This sheet is about exposure to chemotherapy in pregnancy and while breastfeeding. This information should not take the place of medical care and advice from your healthcare provider.
What is chemotherapy?
Chemotherapy (also called chemo) is a term that describes the use of medications given orally (by mouth) or intravenously (through a vein) to treat or control cancer by killing cancer cells. Chemotherapy is one of the most widely used methods to treat cancer, along with surgery and radiation treatment (radiotherapy).
Other conditions, such as lupus and rheumatoid arthritis, can be treated with chemotherapeutic drugs. MotherToBaby has fact sheets on these conditions here https://mothertobaby.org/fact-sheets/lupus-pregnancy/ and here https://mothertobaby.org/fact-sheets/multiple-sclerosis/.
Sometimes when people find out they are pregnant, they think about changing how they take their medication, or stopping their medication altogether. However, it is important to talk with your healthcare providers before making any changes to how you take your medication. Your healthcare providers can talk with you about the benefits of treating your condition and the risks of untreated illness during pregnancy.
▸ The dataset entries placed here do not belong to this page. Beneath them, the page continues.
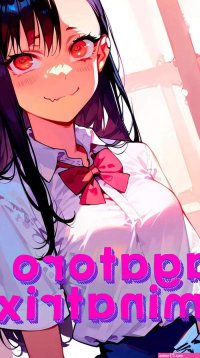 . 1. Nagatoro Dominatrix
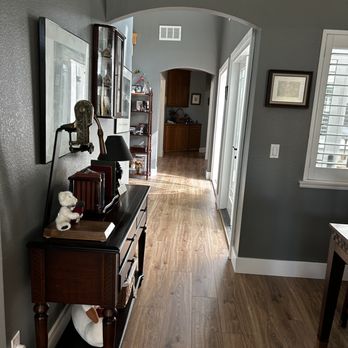 Vejar’s Design & Build - Flooring project completed - General Contractors Near Me - Ramona, California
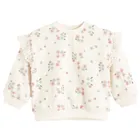 Cool Club, Bluza dziewczęca, beżowa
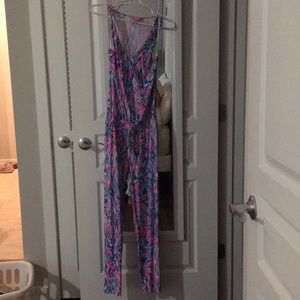 Lilly Pulitzer Paulina Jumpsuit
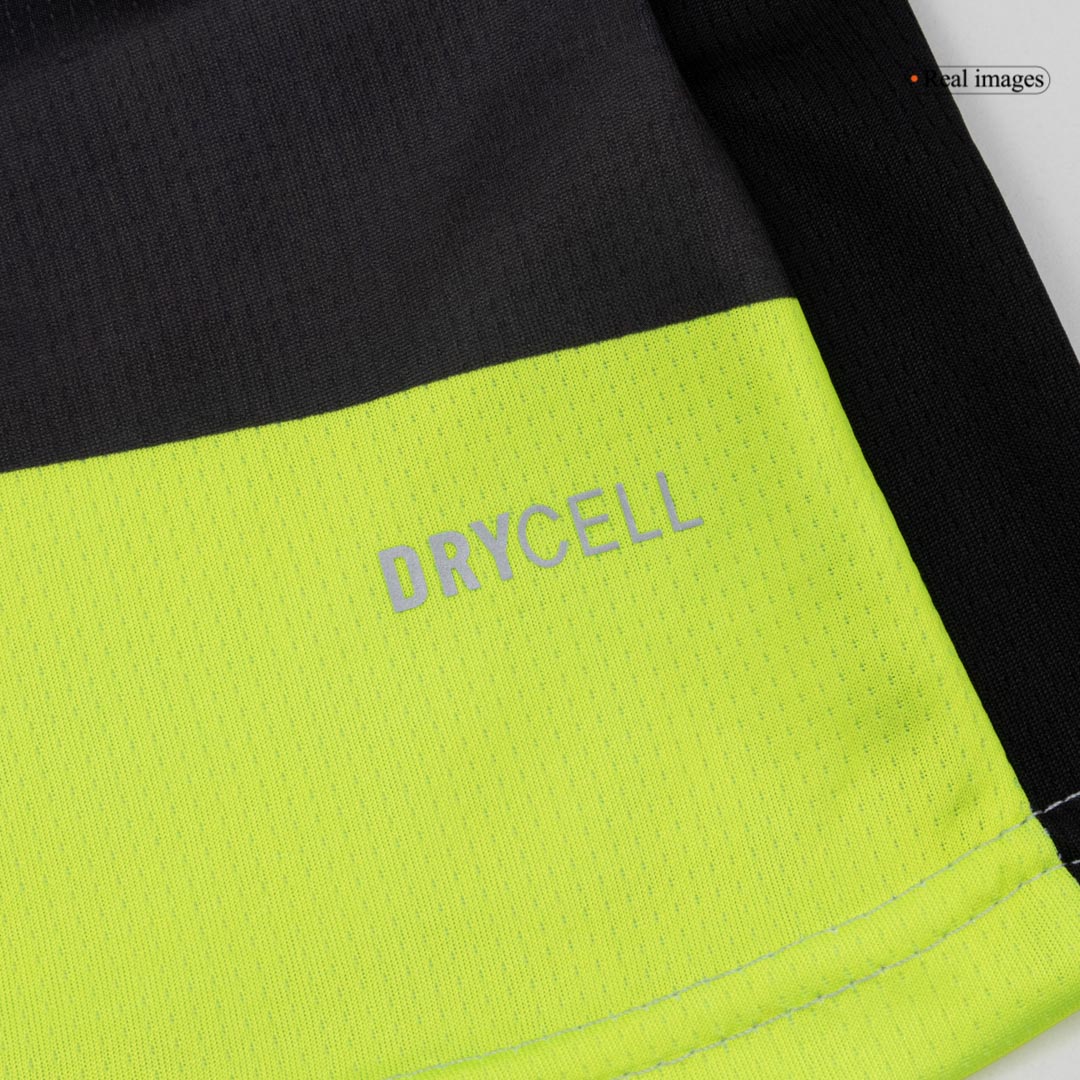 Kids Borussia Dortmund Away Kit 2025/26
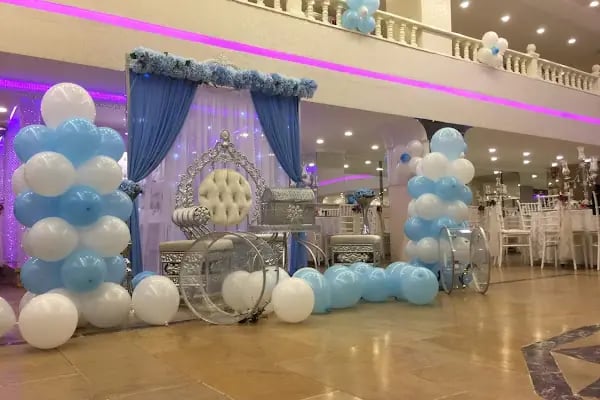 İpek düğün salonu - Resim 12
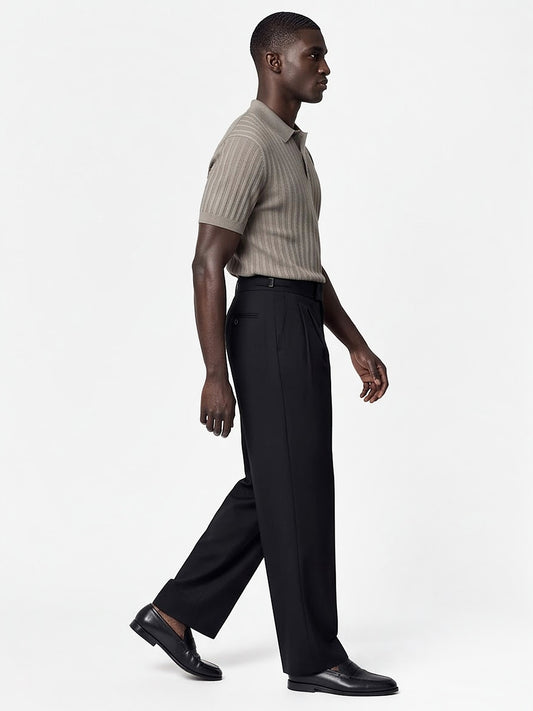 the-ravello-knit-polo-taupe-2-side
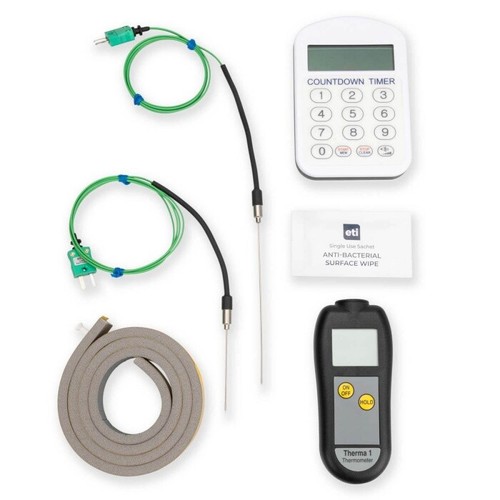 Sous Vide Thermometer Kits - Bild 2 von 6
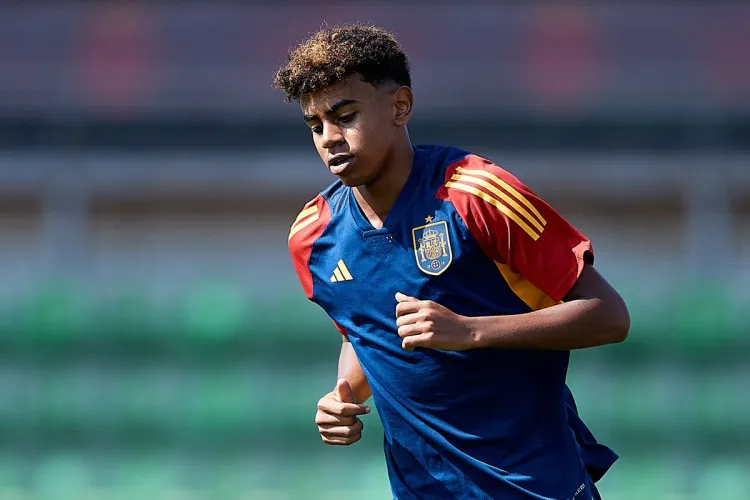 La FRMF dément catégoriquement toute pression sur Lamine Yamal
I have had chemotherapy. Can it make it harder for me to get pregnant?
Chemotherapeutic medications affect the division of cancer cells and normal cells, including those in the organs needed for pregnancy (reproductive system). This could affect a person’s ability to get pregnant. For some people, the ability to get pregnant (reproductive function) can return to what it used to be within months after chemotherapy has stopped. For some people, it can take several years or may not happen at all. After chemotherapy, a person’s future ability to get pregnant is based on different factors, including age of the person and the exact chemotherapeutic medication(s) used.
Talk with your healthcare provider about your future ability to have a pregnancy (fertility preservation) before starting chemotherapy or other treatments for cancer.
Does having chemotherapy increase the chance of miscarriage?
Miscarriage is common and can occur in any pregnancy for many different reasons. Chemotherapy has been associated with an increased chance for miscarriage in multiple studies, especially when given in the first trimester.
Does having chemotherapy during pregnancy increase the chance of birth defects?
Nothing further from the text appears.